▶ **TASK PROMPT**: The listing below should be printed in full and exactly, apart from its images.

▶ **INPUT**:
····················

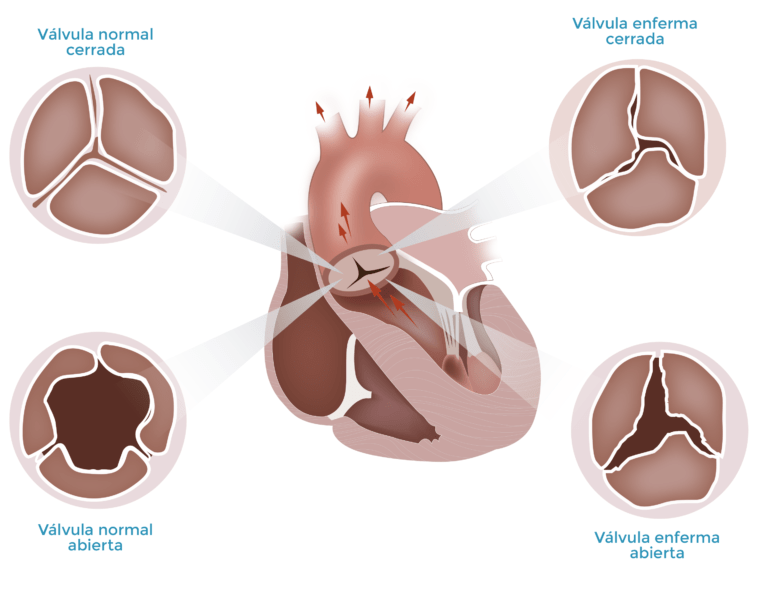 Valvula aortica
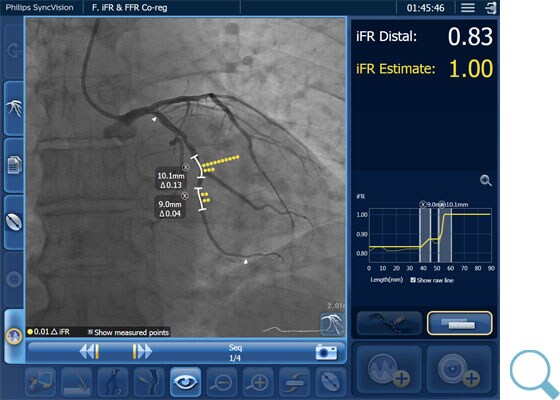 Focal disease download image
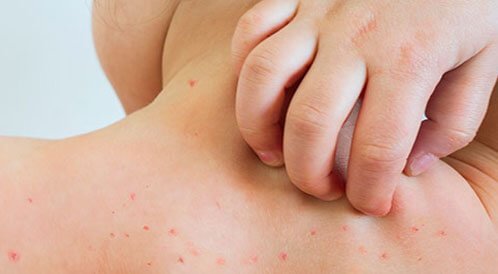 tbl articles article 21413 60807f0e094 a5c4 4545 ae20 5f7c5de7647b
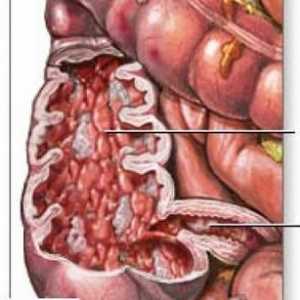 Toto onemocnění tenkého střeva Crohnova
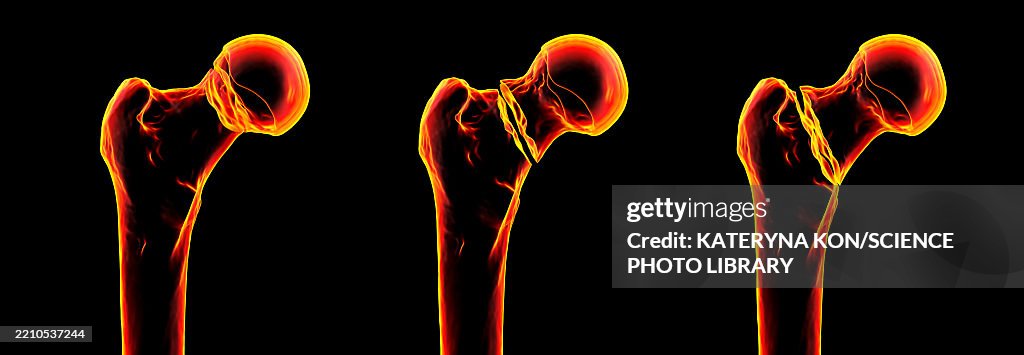 Basicervical Femur Neck Fracture Types Illustration High-Res Vector Graphic - Getty ...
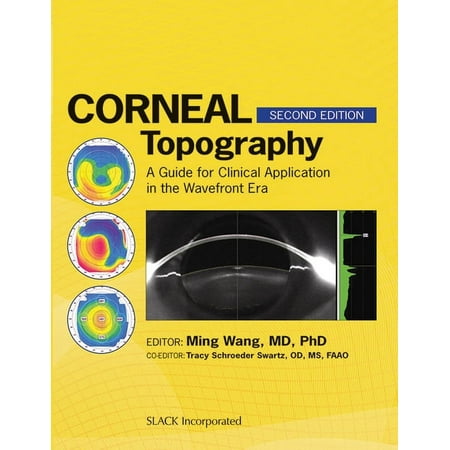 UPC: 9781556429705 | Corneal Topography : A Guide for Clinical Application in Wavefront Era (Edition 2) (Hardcover)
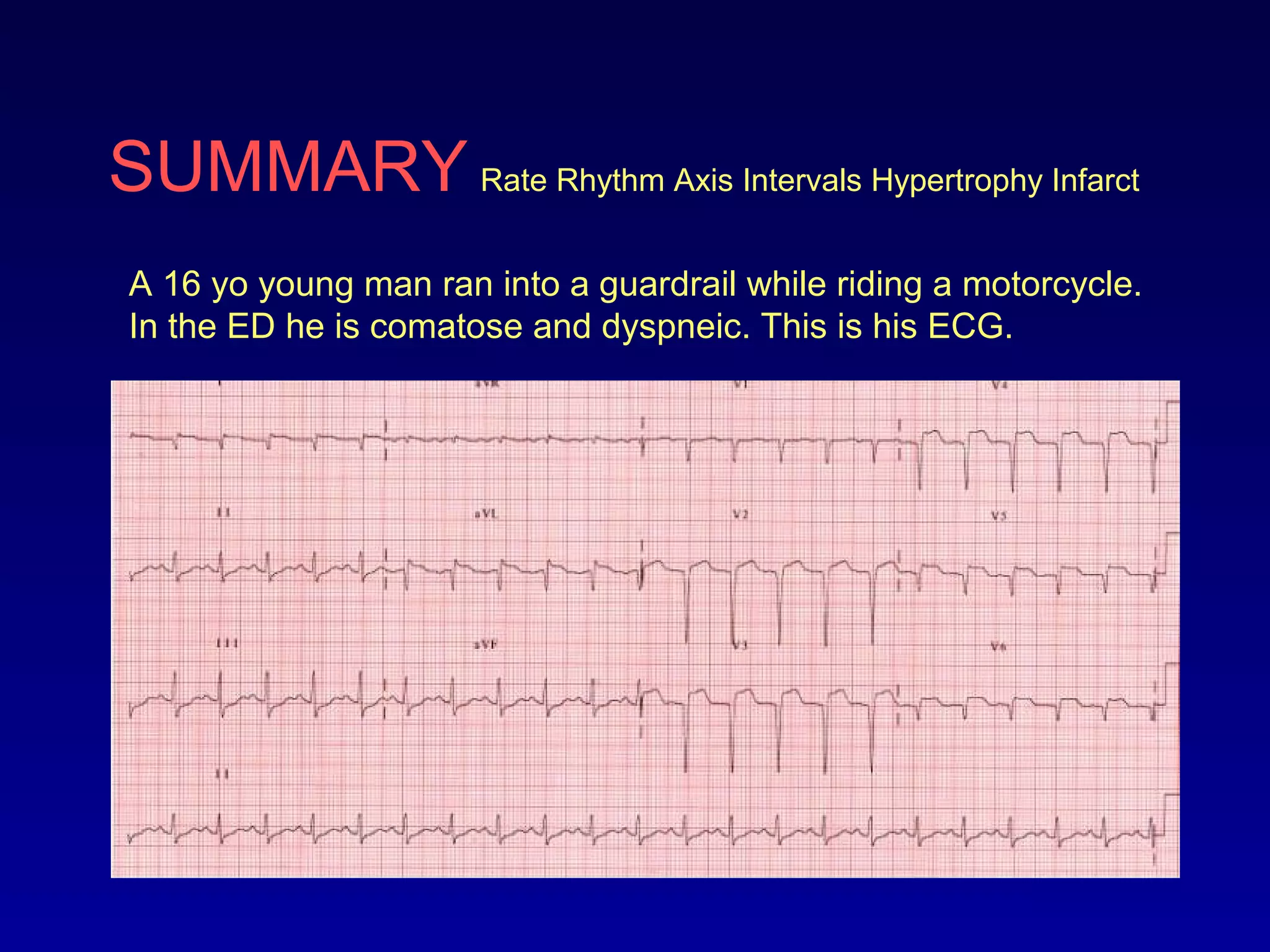 SUMMARY Rate Rhythm Axis Intervals Hypertrophy Infarct
A 16 yo young man ran into a guardrail while riding a motorcycle.
In the ED he is comatose and dyspneic. This is his ECG.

····················

▶ **SOLUTION**:
 Valvula aortica
 Focal disease download image
 tbl articles article 21413 60807f0e094 a5c4 4545 ae20 5f7c5de7647b
 Toto onemocnění tenkého střeva Crohnova
 Basicervical Femur Neck Fracture Types Illustration High-Res Vector Graphic - Getty ...
 UPC: 9781556429705 | Corneal Topography : A Guide for Clinical Application in Wavefront Era (Edition 2) (Hardcover)
 SUMMARY Rate Rhythm Axis Intervals Hypertrophy Infarct
A 16 yo young man ran into a guardrail while riding a motorcycle.
In the ED he is comatose and dyspneic. This is his ECG.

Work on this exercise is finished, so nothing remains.